Diane Francoeur comprend des propos de M. Legault au sujet du gel que le gouvernement n'accorderait pas ces deux enveloppes et les mettrait dans une fiducie. Un tel geste reviendrait à annuler l'ajout de services, a-t-elle insisté. « M. Legault a été élu en région, ce serait étonnant qu'il veuille leur couper des services ! »

Elle ne voit aucun intérêt à renégocier l'entente, qui « a été bien faite » et « négociée de bonne foi ». Ses membres n'ont aucune envie de « repartir en guerre ». « Renégocier une entente, savez-vous ce que ça veut dire ? Ça veut dire pas de nouveaux services à la population pour encore une autre année, on taponne, on piétine, tout le monde est déprimé, le moral des troupes est mauvais. »

Elle qualifie de « conclusions hâtives » les propos de M. Legault selon lesquels l'étude comparative entre la rémunération des spécialistes québécois et celle de leurs collègues des autres provinces n'est pas encore commencée.
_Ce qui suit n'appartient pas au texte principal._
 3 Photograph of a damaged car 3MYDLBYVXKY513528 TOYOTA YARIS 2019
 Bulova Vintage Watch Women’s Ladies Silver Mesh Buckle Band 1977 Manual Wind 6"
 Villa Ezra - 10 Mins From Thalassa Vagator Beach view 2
Il y a eu cinq rencontres en présence de l'Institut canadien d'information sur la santé (ICIS), a-t-elle souligné. Elle reconnaît cependant que le devis final n'a pas encore été signé en raison « d'un niveau de difficulté à obtenir les données des autres provinces ». Diane Francoeur est favorable à ce que l'analyse soit produite rapidement, comme le souhaite le gouvernement. Ce dernier veut l'étude avant de renégocier l'entente.